あくまで個人的な意見ですが、私は「100パーセント内製で工数削減」という方針には懐疑的です。よくネットの記事で「全部、自分でクラウド化したので、コストは大幅安」という記事を見かけます。しかし、あくまで推測ですが、おそらく試行錯誤の過程で「EC2インスタンスをオーバースペックのインスタンスタイプで常時起動していたせいで、膨大なコストが…」といった失敗が一度や二度はあるのではないでしょうか。また、そもそもコストを削減できる方法に気づいていないケースがあるのではないか、と思うのです。
その試行錯誤を通じて社内にノウハウが貯まるんだという考え方もありますが、私はAWSのプロを目指しているわけではないので、そのノウハウが貯まることにあまり価値を感じません。
工場の生産制御システムという「安全・確実」が大原則のシステムに関わっているせいか、たとえテスト環境であっても、構築・運用は計画的に確実に進め、落とし穴は事前に認識して嵌まらないようにし、全てを円滑に進行させるのが本筋だと考えています。
専門家が存在する分野ではその意見を聞きながら進めるのが得策だと思います。すべて独力で行った場合、大げさにいうと「車輪を再発明する」ような無駄な努力、あるいは「絶対に無理筋の不可能事に挑戦しつづける」という愚に陥る可能性があるからです。
これまでAWSでDevOps環境を構築していく中で、できないことを開発しようとし続けてしまったり、無駄遣いしてしまったりといった失敗をした経験はありません。それはやはりサーバーワークスという専門家の支援があったからだと思います。
サーバーワークスへの評価
これまで共に仕事をしてみて分かった「サーバーワークスへの評価」をお聞かせください。

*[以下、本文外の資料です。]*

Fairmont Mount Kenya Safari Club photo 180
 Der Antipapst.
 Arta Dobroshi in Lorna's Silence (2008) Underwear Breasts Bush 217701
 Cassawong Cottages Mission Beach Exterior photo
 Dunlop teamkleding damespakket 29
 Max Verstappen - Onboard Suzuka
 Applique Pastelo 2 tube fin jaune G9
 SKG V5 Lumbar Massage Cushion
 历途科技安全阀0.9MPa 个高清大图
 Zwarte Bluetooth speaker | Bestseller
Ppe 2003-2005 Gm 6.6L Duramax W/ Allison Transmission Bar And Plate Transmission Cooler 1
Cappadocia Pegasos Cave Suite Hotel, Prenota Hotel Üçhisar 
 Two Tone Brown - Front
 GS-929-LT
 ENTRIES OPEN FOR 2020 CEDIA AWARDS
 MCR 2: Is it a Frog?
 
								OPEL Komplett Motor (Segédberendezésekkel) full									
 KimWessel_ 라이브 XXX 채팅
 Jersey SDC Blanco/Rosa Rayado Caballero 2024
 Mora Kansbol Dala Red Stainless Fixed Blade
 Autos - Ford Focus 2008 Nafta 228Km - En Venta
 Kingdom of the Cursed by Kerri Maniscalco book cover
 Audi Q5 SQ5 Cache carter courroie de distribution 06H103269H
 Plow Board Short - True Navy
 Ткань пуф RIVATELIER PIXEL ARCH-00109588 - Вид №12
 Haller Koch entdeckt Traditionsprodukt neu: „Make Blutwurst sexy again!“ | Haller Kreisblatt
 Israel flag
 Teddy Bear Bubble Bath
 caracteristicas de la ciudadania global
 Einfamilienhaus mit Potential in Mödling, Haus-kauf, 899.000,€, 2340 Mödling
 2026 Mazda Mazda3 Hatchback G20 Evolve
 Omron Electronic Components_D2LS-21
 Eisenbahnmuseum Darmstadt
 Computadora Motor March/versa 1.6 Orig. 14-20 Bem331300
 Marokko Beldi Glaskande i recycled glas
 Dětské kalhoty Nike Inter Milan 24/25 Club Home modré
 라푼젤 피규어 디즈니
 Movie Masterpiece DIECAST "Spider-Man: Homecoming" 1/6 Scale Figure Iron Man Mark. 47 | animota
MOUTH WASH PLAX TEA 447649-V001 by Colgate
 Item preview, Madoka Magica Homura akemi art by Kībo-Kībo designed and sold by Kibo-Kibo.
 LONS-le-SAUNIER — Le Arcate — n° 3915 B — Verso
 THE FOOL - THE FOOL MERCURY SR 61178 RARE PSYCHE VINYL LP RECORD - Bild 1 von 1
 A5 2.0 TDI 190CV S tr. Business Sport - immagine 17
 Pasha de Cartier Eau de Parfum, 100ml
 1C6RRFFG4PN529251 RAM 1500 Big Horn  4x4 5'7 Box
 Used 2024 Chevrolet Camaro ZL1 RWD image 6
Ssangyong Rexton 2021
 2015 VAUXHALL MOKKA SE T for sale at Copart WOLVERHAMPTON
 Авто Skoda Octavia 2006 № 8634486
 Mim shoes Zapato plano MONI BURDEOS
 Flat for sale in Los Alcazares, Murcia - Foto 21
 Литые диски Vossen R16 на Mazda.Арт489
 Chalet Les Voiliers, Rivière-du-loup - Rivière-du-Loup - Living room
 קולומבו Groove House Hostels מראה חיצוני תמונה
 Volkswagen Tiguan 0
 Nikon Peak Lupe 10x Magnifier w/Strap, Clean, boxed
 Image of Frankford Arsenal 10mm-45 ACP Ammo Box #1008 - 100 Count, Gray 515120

サーバーワークスは「高いコンサルティング力、情報提供力」「こちら側の事情への理解力、対応力」「単なるAWS構築屋に終わらない高い志」の3点を評価しています。
良い点1.「高いコンサルティング力、問題解決力」
AWSはただ仮想サーバーを立てるなら簡単ですが、本格的に活用するとなると、その技術仕様、料金仕様をよく読み解いて使う必要があります。正しく使うにはけっこう落とし穴の多いサービスだということです。こうした落とし穴は、すべてサーバーワークスのアドバイスにより回避できました。サーバーワークスは、こちらが「やりたいこと」「解決したい課題」を伝えたとき、AWS以外にも様々なクラウドサービスやソフトウェアの情報提供を通じて、総合的な解決策を提示してくれます。直ちに解決策が見当たらないときでも、「できない、無理です」と即答するのではなく、必ず「調査」をして、できる方法、代替案を模索してもらえるので、依頼する側にとって信頼感があります。
良い点2.「こちら側の事情への理解力、対応力」
組織の中で施策を展開する場合、真っ直ぐ突き進むだけでなく、様々な事情、内部環境変数を考慮しないと最適な行動がとれません。サーバーワークスは、それら「社内都合」を良く理解し、それに合わせた提案、行動をしてくれる点が助かります。
良い点3.「単なるAWS構築屋に終わらない高い志」
ここでいう「AWS構築屋」とは、AWSのサーバー(インスタンス)1つを構築するごとに収益が得られる業態のことです。この場合、AWSのインスタンスの構築数が多いほど、収益も増えます。しかしサーバーワークスの担当者からは「そういう『人形焼き屋』のようなビジネスをするつもりはない。あくまで『問題解決』を提供し、そこへの対価を得ていく」と明言がありました。最初は正直「本当かな」と思いましたが、実際に共に問題を解決していく中で、「本気でそう考えているんだな」と、真摯な姿勢を実感するようになりました。
先行ユーザーからのアドバイス
現在、DevOpsを念頭においたAWS導入を検討している企業担当者に向けて、先行ユーザーとしての気づき、アドバイスなどあればお願いします。
いくつかあるので順に述べます。
気づき1.「テスト環境とクラウド環境はコンセプトが真逆」
「発売前の」ソフトウェアをテストするための環境は「閉じる」ことを念頭に構成するべきですが、一方でクラウドは本質的に開放系のサービスです。この二律相反に適切に対処するためにも、AWSの仕様をよく理解して、セキュアに構成する必要があります。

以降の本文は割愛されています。